Os Estados Unidos estudam a possibilidade de indiciar o ex-presidente cubano Raúl Castro, de 94 anos, segundo informações divulgadas pela imprensa americana nesta quinta-feira (14). As revelações foram publicadas pela rede CBS e pela agência Reuters, com base em fontes ligadas ao governo americano.
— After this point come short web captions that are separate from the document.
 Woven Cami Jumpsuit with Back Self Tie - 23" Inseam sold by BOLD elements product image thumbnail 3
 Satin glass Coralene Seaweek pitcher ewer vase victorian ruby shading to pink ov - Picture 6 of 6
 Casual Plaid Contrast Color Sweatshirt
De acordo com as informações, o possível indiciamento estaria relacionado à derrubada de aviões do grupo humanitário Irmãos ao Resgate, ocorrida em 1996. O caso teria provocado a morte de integrantes da organização e permanece como um dos episódios mais sensíveis da relação entre Washington e Havana.
Segundo a imprensa americana, qualquer acusação formal ainda dependeria da aprovação de um júri popular nos Estados Unidos.
Crise entre EUA e Cuba
A notícia surge em meio à escalada das tensões diplomáticas entre Cuba e os Estados Unidos desde o retorno de Donald Trump à Casa Branca.
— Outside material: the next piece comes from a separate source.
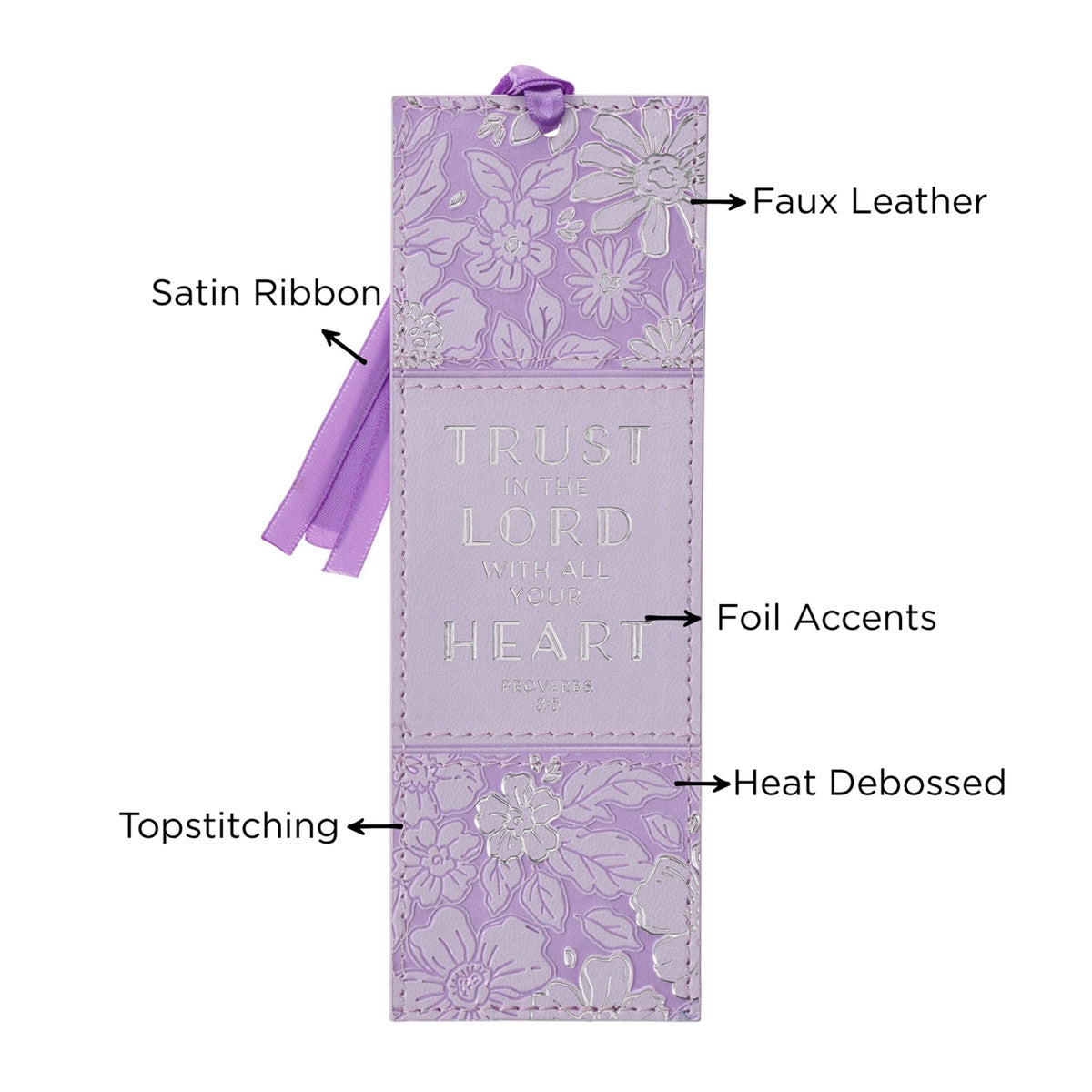 Trust in the Lord with All Your Heart Faux Leather Bookmark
Nas últimas semanas, o governo americano intensificou sanções contra Havana e ampliou medidas de bloqueio energético à ilha, agravando ainda mais a crise econômica enfrentada pelo país caribenho.
Em janeiro, Trump assinou um decreto classificando Cuba como uma “ameaça excepcional” aos interesses americanos, justificando o endurecimento das restrições econômicas e do bloqueio petrolífero imposto ao governo comunista.
Washington também ameaçou retaliar países que decidam vender petróleo ao regime cubano.
Raúl Castro segue influente
Mesmo afastado oficialmente do poder há cinco anos, Raúl Castro continua sendo apontado como uma das figuras centrais da estrutura política cubana.
Irmão do ex-líder revolucionário Fidel Castro, Raúl ainda mantém aparições públicas esporádicas e é tratado como símbolo da continuidade do regime comunista.
Sua última aparição pública ocorreu em janeiro deste ano, durante cerimônia em homenagem a militares cubanos mortos em uma operação ligada à captura do presidente venezuelano Nicolás Maduro em Caracas.
Nos bastidores, familiares de Raúl Castro também têm assumido protagonismo nas negociações diplomáticas com os Estados Unidos.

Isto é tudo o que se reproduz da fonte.